A refusal vector is the hidden-state direction most associated with a model refusing requests.
Abliteration estimates this direction and removes its influence at selected layers.
Definition
Refusal vector
A refusal vector is a direction in a model's hidden-state space that correlates strongly with refusal behavior. Projecting activations onto it predicts when the model will refuse.
Why it matters
- Provides a measurable handle on refusal behavior without full retraining.
- Enables targeted edits that preserve general reasoning and language ability.

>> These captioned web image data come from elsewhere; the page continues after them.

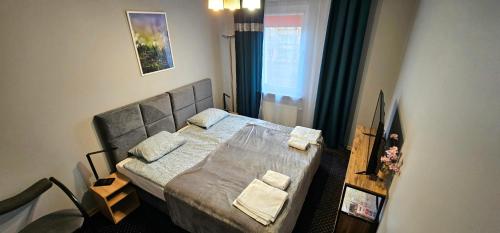 Ένα ή περισσότερα κρεβάτια σε δωμάτιο στο Miami Vice apartament by Karl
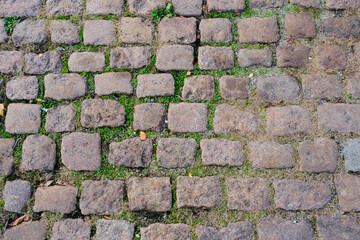Old stone paving stones, road surface.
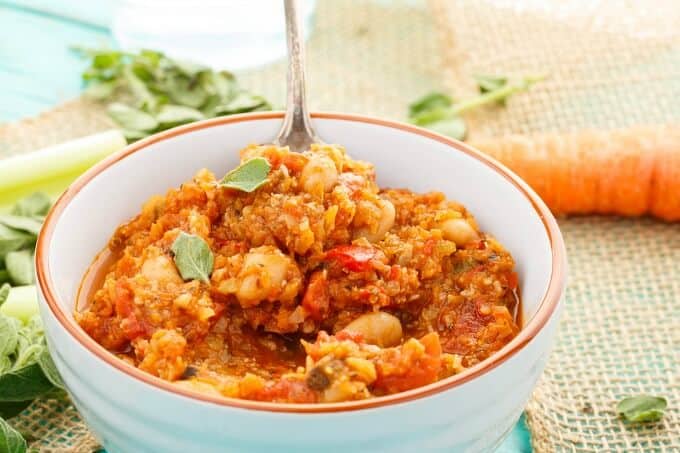 "Meaty" Vegetarian Chili  in orange white bowl with spoon, vegetable and herbs on blue table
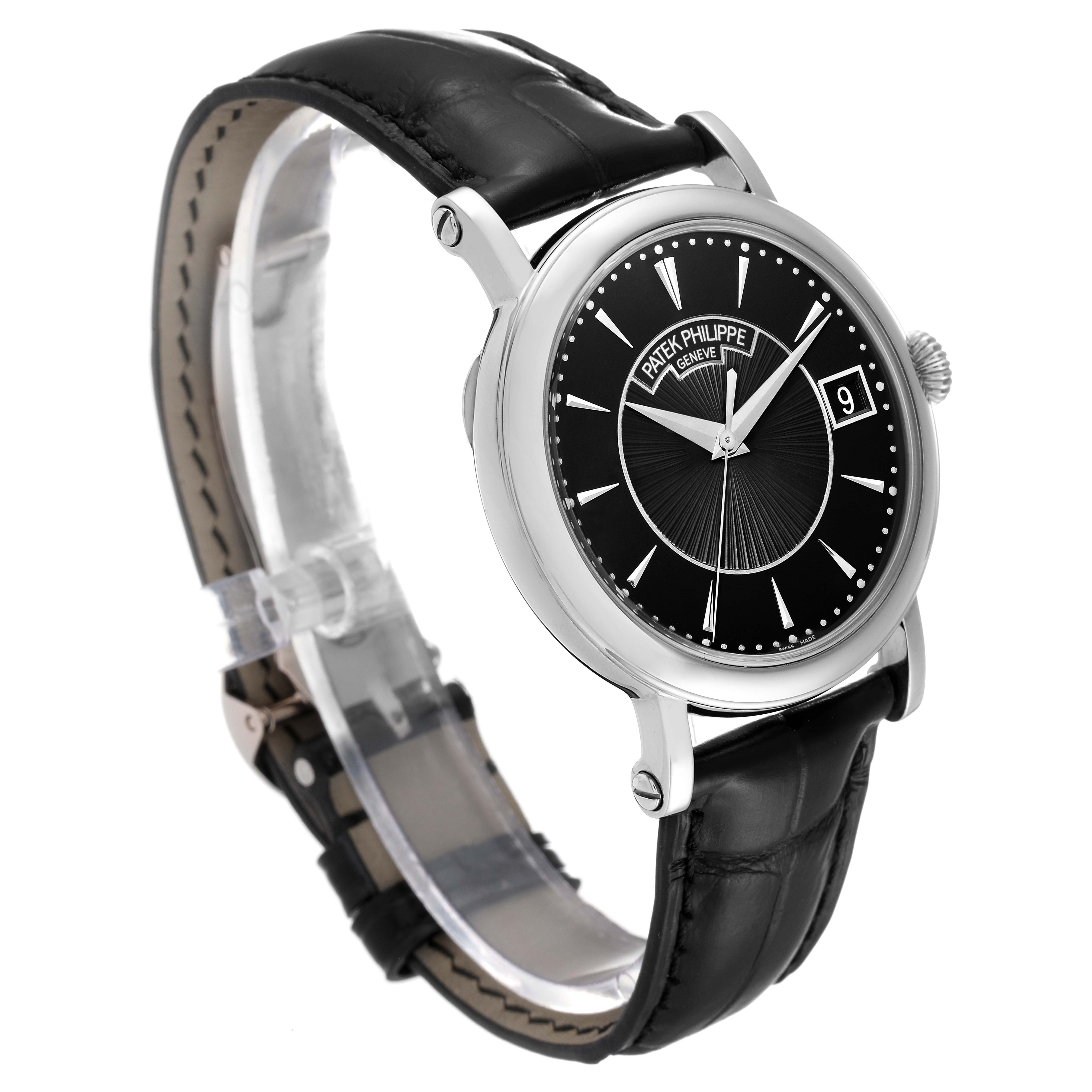 The Patek Philippe Calatrava 5153G Men's White Gold Black Dial 5153G Men's White Gold Black Dial watch is shown at a slight angle displaying its black dial, date window, and leather strap.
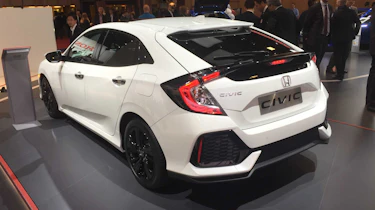With five readily visible door handles, the new car abandons its previous style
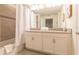 A spacious bathroom featuring a double vanity, large mirror, and bathtub with shower at 4835 Memories Ln, Kissimmee, FL 34746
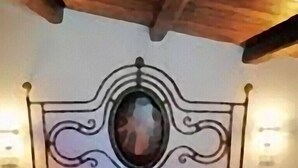 A bed with a metal headboard and a decorative sculpture on the bedspread. - near the sea and the center of San Vito Lo Capo is ideal for families (San Vito Lo Capo)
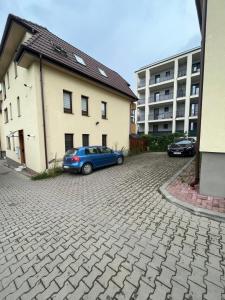a blue car parked in a parking lot next to a building at NS apartment 2 in Cluj-Napoca
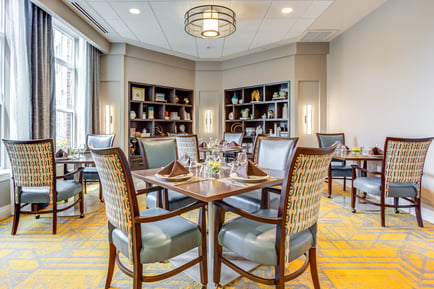 A dining room at Arbor Terrace Highland Park features tables set with folded napkins, wine glasses, and floral centerpieces, surrounded by patterned chairs, built-in display shelving, and a bold yellow-and-gray carpet. It reflects the resort-style senior living in Highland Park, IL.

- Pairs with policy layers to replace blanket refusals with compliant responses.
How it works
- 01Collect refusal and non-refusal examples and record hidden states.
- 02Compute the mean difference between refusal and non-refusal representations.
- 03Normalize the difference to get a refusal direction.
- 04Subtract the projection at chosen layers to dampen refusals.
Vector removal (pseudocode)
# h = hidden state, r = refusal vector r_hat = r / norm(r) h_ablit = h - dot(h, r_hat) * r_hat
FAQ
Frequently asked questions.
Is a refusal vector a model weight?
No. It is a direction in activation space derived from hidden states, not a new set of learned weights.
Does removing a refusal vector break the model?
When applied carefully, it targets refusal behavior without broadly degrading capability.
Can I combine this with policy filters?
Yes. Abliteration reduces blanket refusals, while policy layers enforce your specific rules.